# What is needed:
Please go line by line through the material and copy each one containing the word "avec".

# Material shown:

=======

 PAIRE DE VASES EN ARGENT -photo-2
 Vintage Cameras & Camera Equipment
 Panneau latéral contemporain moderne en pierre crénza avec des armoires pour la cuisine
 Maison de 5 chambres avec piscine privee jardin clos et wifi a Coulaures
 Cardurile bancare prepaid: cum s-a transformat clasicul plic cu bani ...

=======

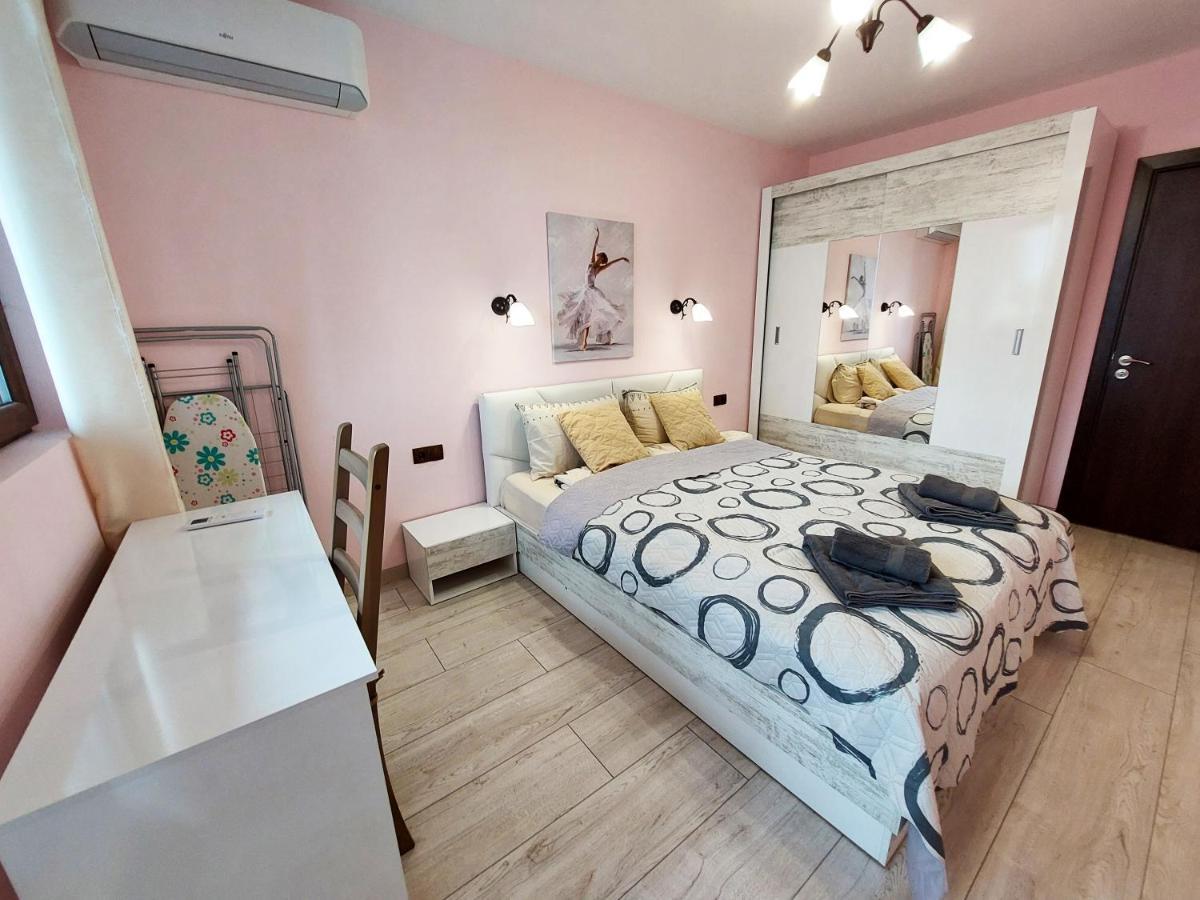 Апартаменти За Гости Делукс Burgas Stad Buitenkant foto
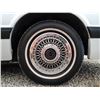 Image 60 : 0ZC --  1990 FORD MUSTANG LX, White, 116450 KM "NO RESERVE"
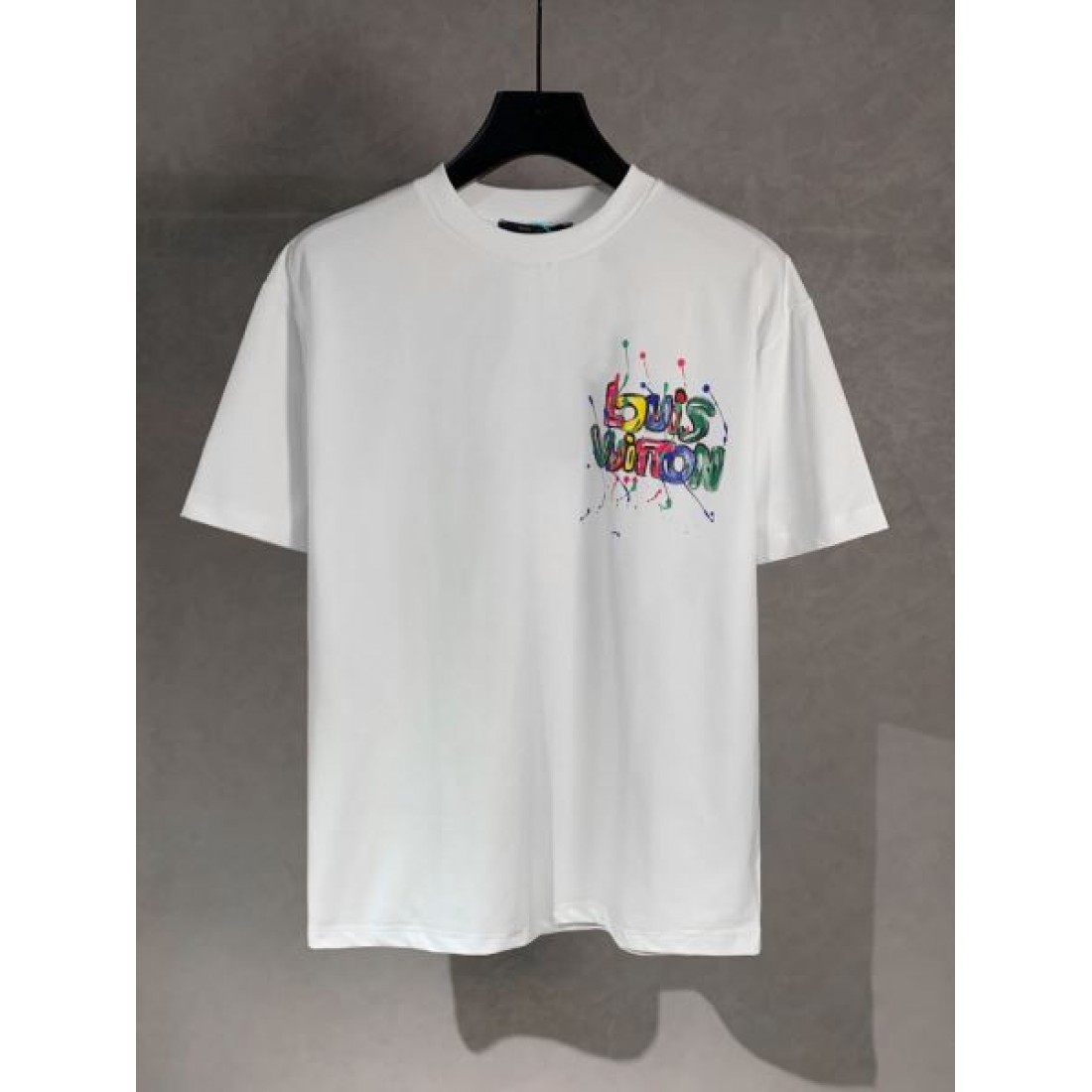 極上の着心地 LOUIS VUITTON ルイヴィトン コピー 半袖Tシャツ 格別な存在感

=======

# Your solution:
 Panneau latéral contemporain moderne en pierre crénza avec des armoires pour la cuisine
 Maison de 5 chambres avec piscine privee jardin clos et wifi a Coulaures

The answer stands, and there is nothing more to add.